Tristan’s possessions were placed around the room as though he’d left them moments before to take a nap. A pair of dirty trainers sat beside his bedside cabinet, a grey hoody hung from the wardrobe door handle. A skateboard propped up against the wall. Posters of gothic art lined the walls and a pile of magazines was stacked in the corner. Dawson suspected that his grandmother was making sure his things were ready for when he came back.
Louisa Rock had taken a seat beside her grandson after asking the nurse to leave them alone for a moment. The woman checked the ventilator, nodded and left the room.
‘He is more than what you see here,’ she said, following his gaze around the room, and Dawson understood.
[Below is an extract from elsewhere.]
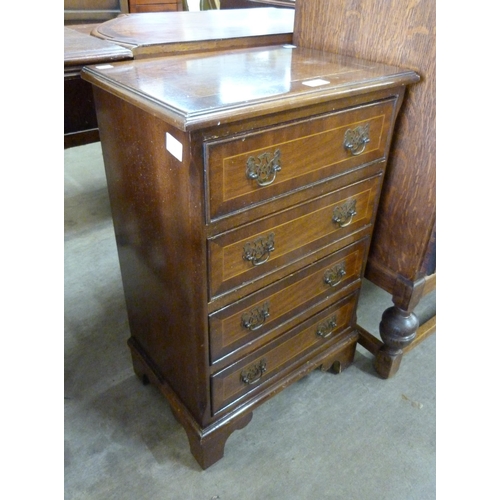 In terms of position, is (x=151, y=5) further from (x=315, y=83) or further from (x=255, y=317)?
(x=255, y=317)

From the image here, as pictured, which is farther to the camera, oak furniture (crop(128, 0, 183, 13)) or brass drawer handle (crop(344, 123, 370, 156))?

She would not allow his personality to be packed away, out of sight.
Her hand touched his temple and gently pushed a lock of dark hair to the side.
‘Every day I pray for signs of improvement,’ she said, sadly. The doctors insisted he was brain dead and could feel nothing, but I still feel that Tristan is in there fighting to come out.’
Dawson knew the boy to be seventeen years old, but he looked much younger. His dark hair framed a smooth and youthful face with thick, dark eyelashes and strong, handsome features despite the paleness of his complexion.
His arms were laid at his side, long and athletic but not thin and wasted. His pyjama-clad chest rose and fell rhythmically in time with the machine that had not only taken on the function of his breathing but the sound as well.
Dawson wondered if it had been some kind of accident or an illness.
‘His parents wanted to give up on him, but they don’t know him the way I do. The best way to get Tristan to succeed at something is to tell him he can’t do it,’ she said, taking his hand. ‘Which is ironic, considering—’
‘How did this happen, Mrs Rock?’ he asked, gently, already forming an exit strategy. As tragic as it was, Tristan Rock’s condition was not going to help him prove his theory.